> **YOUR OBJECTIVE**
Transcribe, exactly and without pictures, the lines below from the line with "Wooden Money Saving Box with Counting Target" to the line with "Imagens em miniatura", both ends included, and no others.

EXERCISE INPUT START

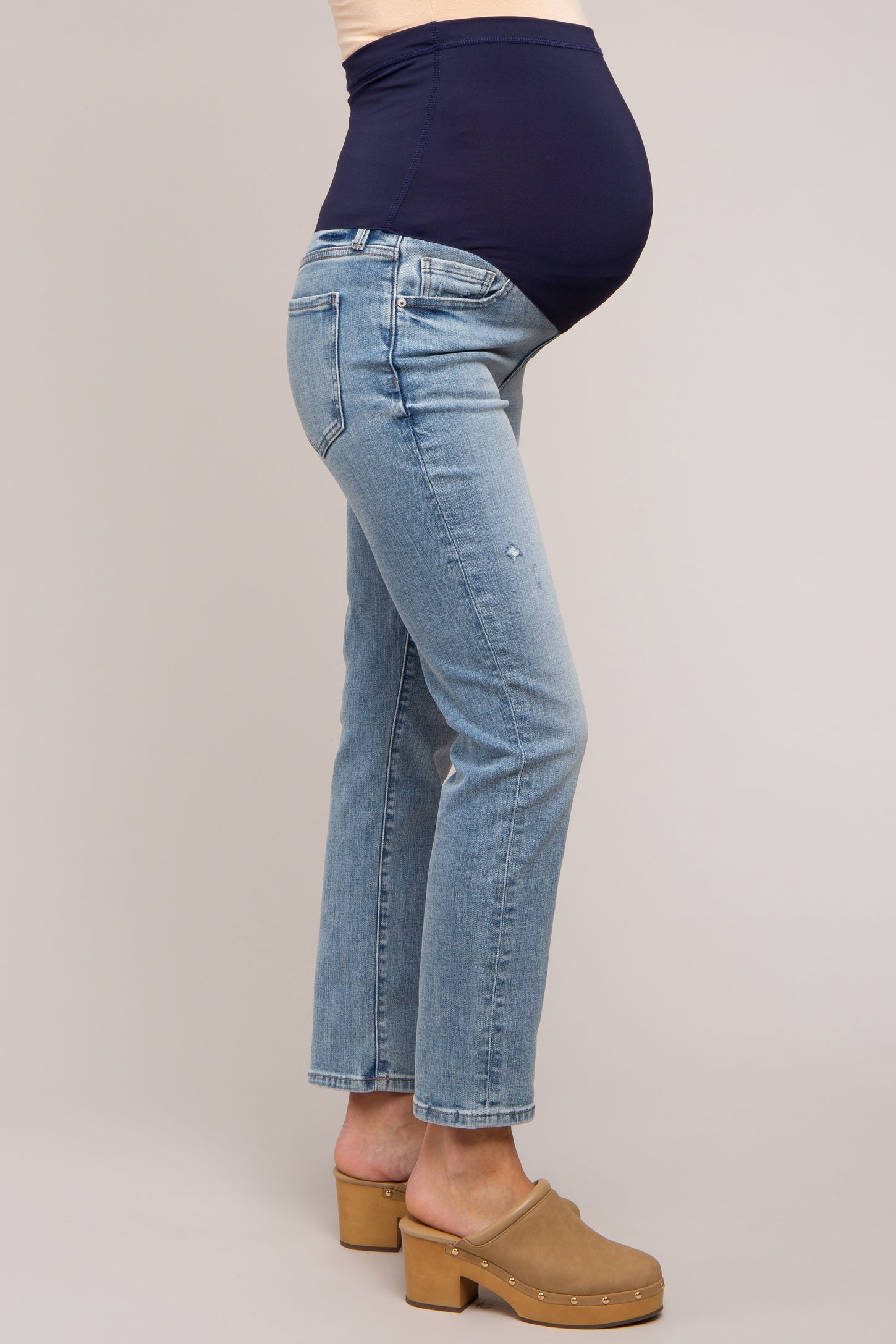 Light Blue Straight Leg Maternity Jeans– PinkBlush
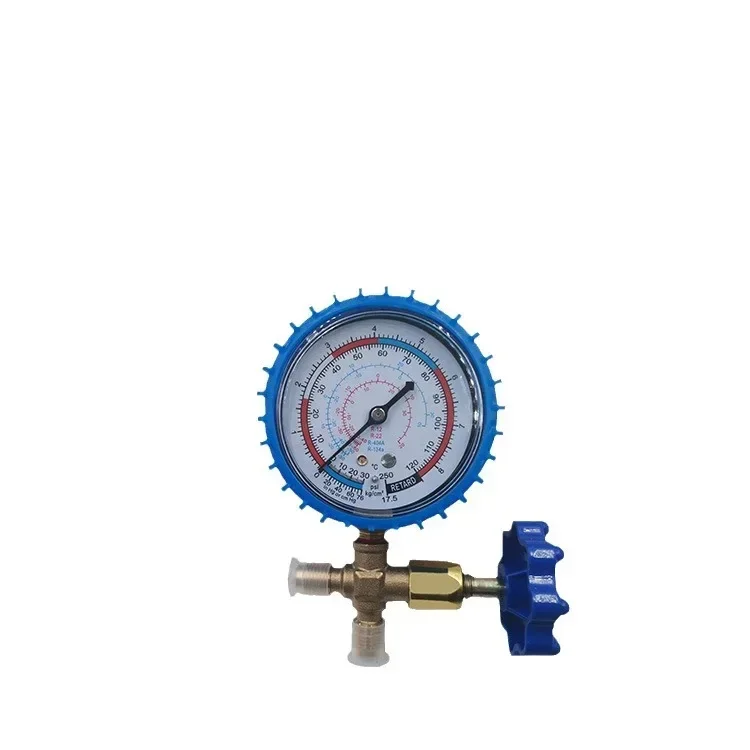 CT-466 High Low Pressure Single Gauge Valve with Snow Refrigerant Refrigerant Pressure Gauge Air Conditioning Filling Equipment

EXERCISE INPUT END
EXERCISE INPUT START

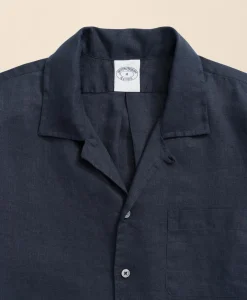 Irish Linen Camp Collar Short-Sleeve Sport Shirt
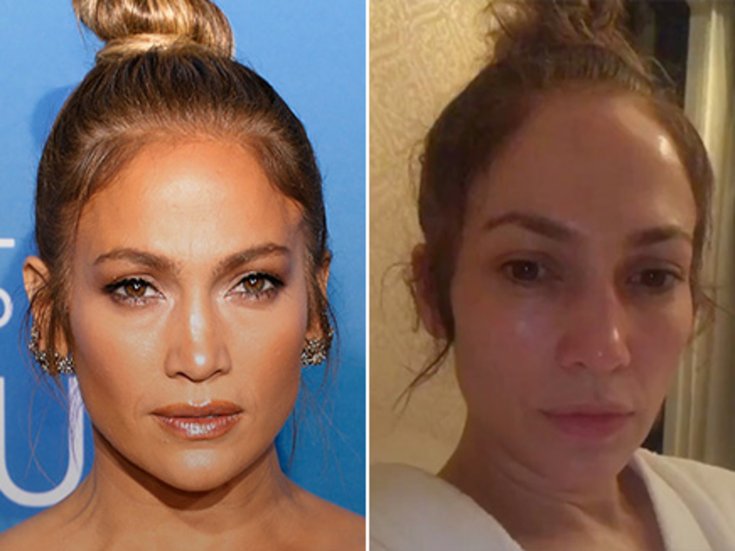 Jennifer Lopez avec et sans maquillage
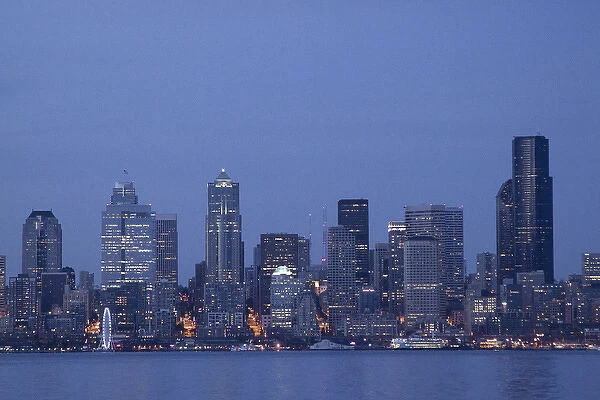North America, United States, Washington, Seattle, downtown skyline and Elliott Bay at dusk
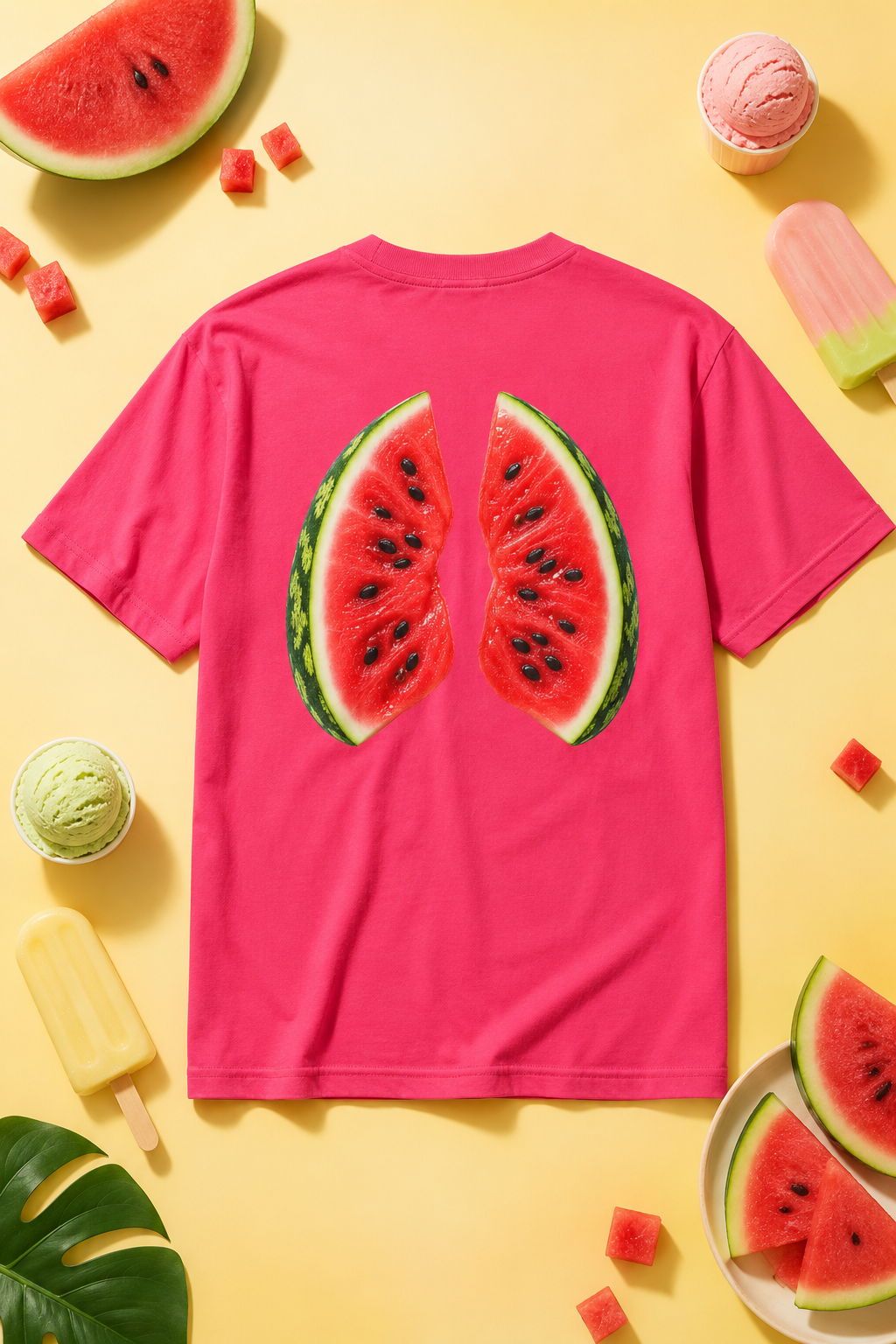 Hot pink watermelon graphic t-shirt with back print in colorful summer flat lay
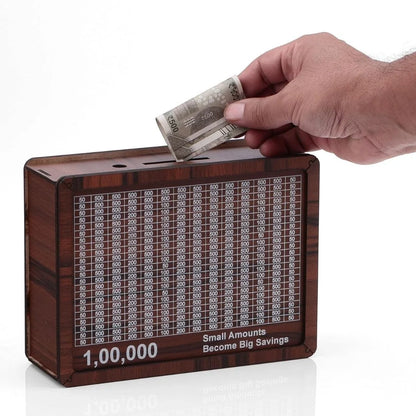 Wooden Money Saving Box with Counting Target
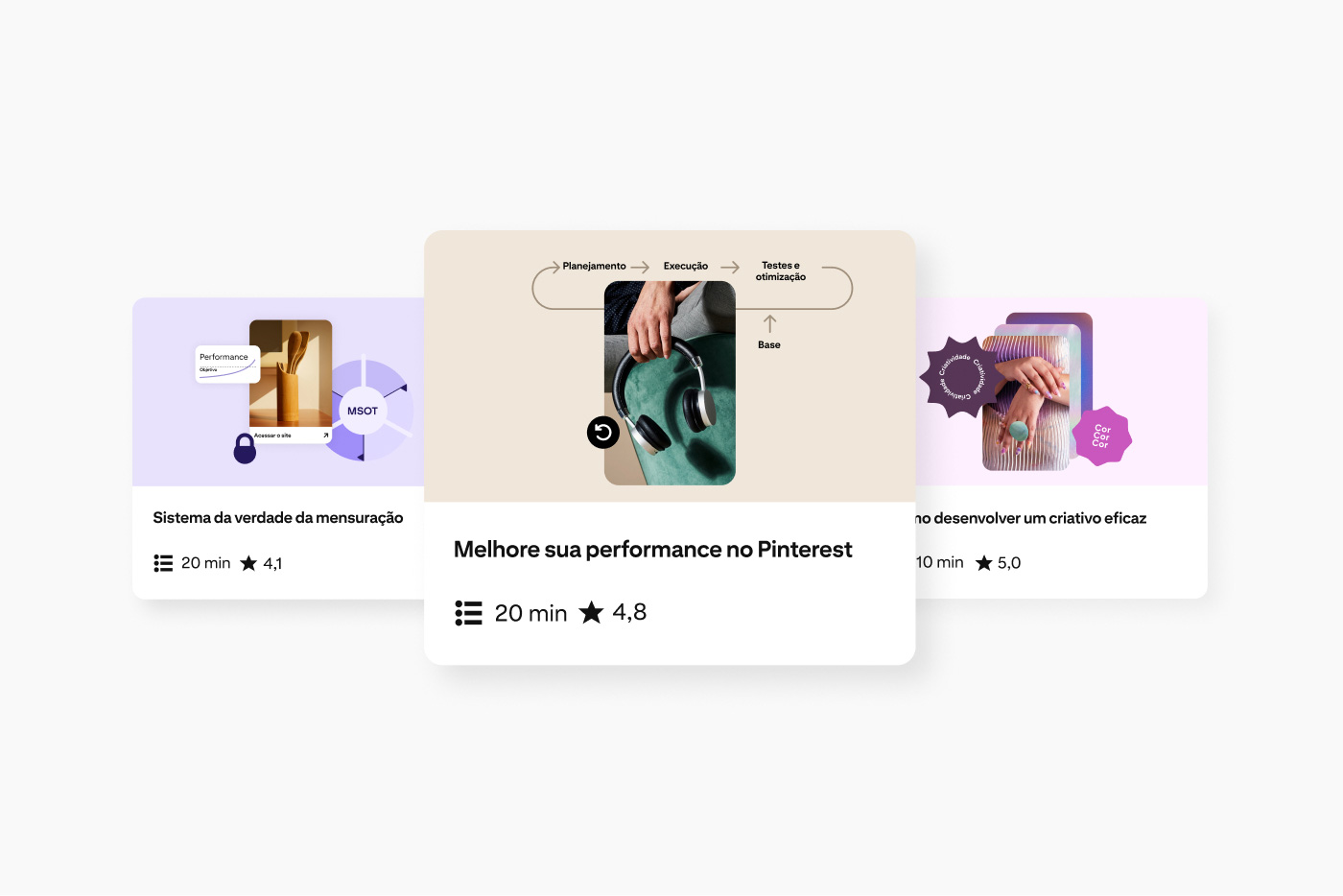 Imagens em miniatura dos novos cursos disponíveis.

EXERCISE INPUT END
EXERCISE INPUT START

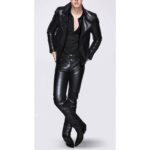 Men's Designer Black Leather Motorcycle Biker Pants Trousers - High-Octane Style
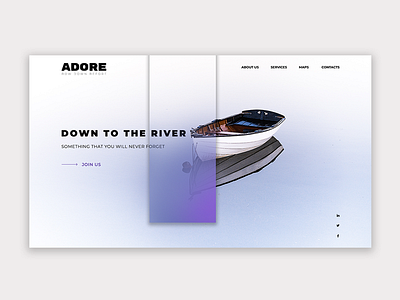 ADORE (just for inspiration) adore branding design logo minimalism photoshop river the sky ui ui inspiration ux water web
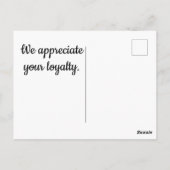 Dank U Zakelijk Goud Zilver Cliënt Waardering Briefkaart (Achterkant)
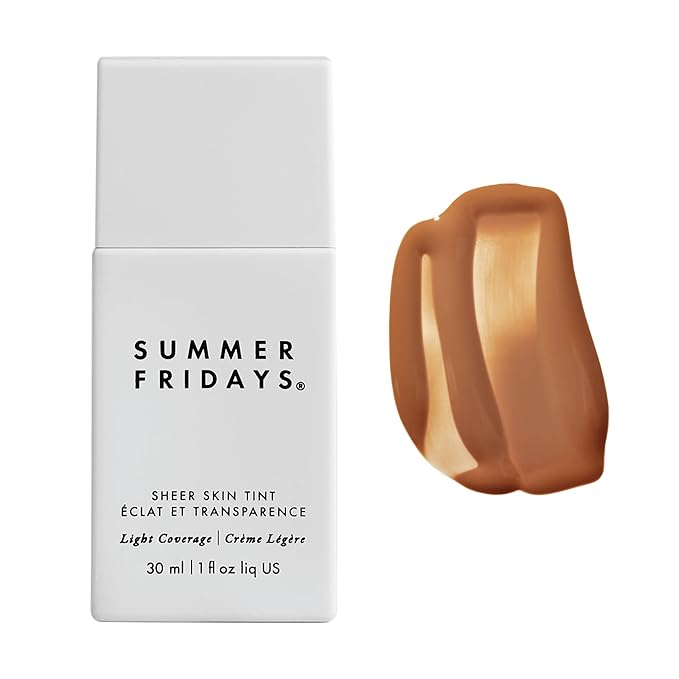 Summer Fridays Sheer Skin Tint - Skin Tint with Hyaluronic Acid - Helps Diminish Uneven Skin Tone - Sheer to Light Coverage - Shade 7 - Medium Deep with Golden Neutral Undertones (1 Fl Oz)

EXERCISE INPUT END

> **REPLY TO THE EXERCISE**
 Wooden Money Saving Box with Counting Target
 Imagens em miniatura dos novos cursos disponíveis.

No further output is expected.